Beyond GPU-Only Solutions: A Strategic Approach to Enterprise Generative AI Architecture

Written by: Matt Halcomb, WWT, and Jim Greene, AMD

Generative AI (GenAI), and the underlying infrastructure it relies on, have undergone a transformation over the past 18 months. While many believe graphics processing unit (GPU) is the default way to go for GenAI, you do have other options to evaluate. A scalable solution leveraging both central processing units (CPU) and GPU technologies often enables you to succeed at any level with the right balance of cost and energy efficiency.

Today, organizations are finding that the secret to successful enterprise GenAI isn't just raw GPU power—it's thoughtfully balancing GPU and CPU capabilities for a dynamic and power-efficient solution that adapts to tomorrow's needs. Partners, like WWT and AMD, take this approach to heart with the mission of helping customers right-size their environment and scale it accordingly.

The evolution and current state of enterprise GenAI

The brief history of GenAI implementation encompasses a rapid evolution in both technology and approach. Only 18 months ago, organizations were focused on large foundational models requiring substantial GPU investments, but experience and a refined understanding of practical enterprise use cases have revealed a better way. This period demonstrated that success in GenAI isn't about maximizing GPU usage—it's about finding the right balance of computing resources that best support the data, model and database a client chooses for the GenAI solution that suits a business need.

The shift from homegrown large foundational models to pre-trained solutions marked a new stage, and the first step toward more efficient implementations. Organizations discovered that building on existing foundations often proved more effective than training large models from scratch.

This approach evolved further with the emergence of Retrieval-Augmented Generation (RAG), which combines smaller language models with vector databases to maintain efficiency while ensuring accuracy.

Today, things have changed again, with many companies investing in dedicated teams focused on developing, implementing, and governing GenAI—creating what's often called an AI Center of Excellence. They vary significantly based on infrastructure capabilities, future scalability requirements, model sizes and deployment strategies. Organizations must carefully consider these elements to avoid operational and possibly legal challenges related to power, cooling, and computing resources, as well as alignment with existing processes and compliance/regulation requirements.

CPU and GPU in modern AI

At the heart of any GenAI implementation are two critical infrastructure components: CPUs and GPUs. Each plays a distinct and complementary role in processing AI workloads. A vast majority of the existing enterprise software and business data sets are already well-tuned for running on the tried-and-true x86 CPU architecture.

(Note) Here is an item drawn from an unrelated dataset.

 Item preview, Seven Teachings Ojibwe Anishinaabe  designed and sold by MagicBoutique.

In contrast, GPUs contain thousands of simpler cores designed for parallel processing and often contain dedicated on-board memory. Originally developed for graphics rendering, these processors have proven invaluable for AI computations that can be broken down into numerous similar, relatively simple operations executed simultaneously at scale.

This architectural distinction forms the foundation for their different performance, energy consumption and cost characteristics and the related optimal use cases in AI implementations. Performance characteristics vary significantly between these technologies and the use models they are tasked to support.

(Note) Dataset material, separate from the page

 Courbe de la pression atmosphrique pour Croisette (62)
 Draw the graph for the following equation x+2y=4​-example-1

CPUs handle diverse workloads, making them particularly valuable for general computing tasks and certain AI inference operations—from small and medium model inferencing to decision trees and expert systems.

GPUs, with their parallel processing architecture, deliver superior performance for tasks that benefit from massive parallel computation, such as training large language models and processing complex visual data.

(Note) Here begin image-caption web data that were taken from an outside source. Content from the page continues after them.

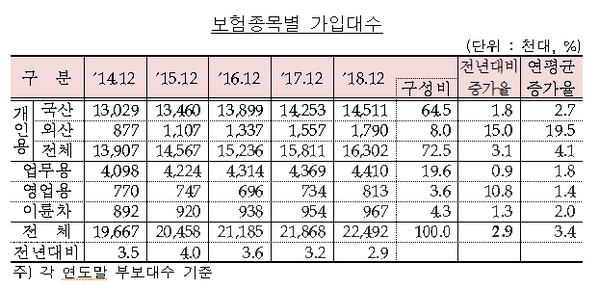 ▲ ⓒ보험개발원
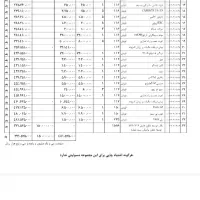 دوربین مدار بسته دزدگیر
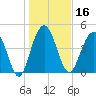 Pennys Creek tide chart for Thursday, January 16, 2025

From large to small language models

As noted, organizations initially approached GenAI by implementing large foundational models, often requiring significant infrastructure investments for training and tuning on their data. However, this approach has generally fallen by the wayside for many organizations as more efficient strategies gain increasing popularity.

Pre-trained models emerged as a step toward efficiency, allowing organizations to build on existing foundations rather than starting from scratch. This shift enabled companies to focus their resources on fine-tuning models for specific use cases rather than training large models from the ground up.

The adoption of RAG marked another significant advancement. By combining language models with vector databases, organizations could integrate AI directly with their existing data infrastructure and business processes. While RAG systems require new technical infrastructure, they enable faster, more accurate responses by leveraging specific datasets. The technology continues to evolve, with agentic RAG emerging as a more sophisticated approach that can autonomously interact with multiple data sources and business systems.

Small language models now represent the latest evolution in this journey. While GPUs remain optimal for conventional demanding AI workloads, organizations have discovered that in many use cases, AI-enabled applications can run efficiently on high-performance CPUs without the addition of GPU acceleration. This approach is more attainable and sustainable, working within existing data center power (and budget) constraints while delivering excellent results for specific use cases.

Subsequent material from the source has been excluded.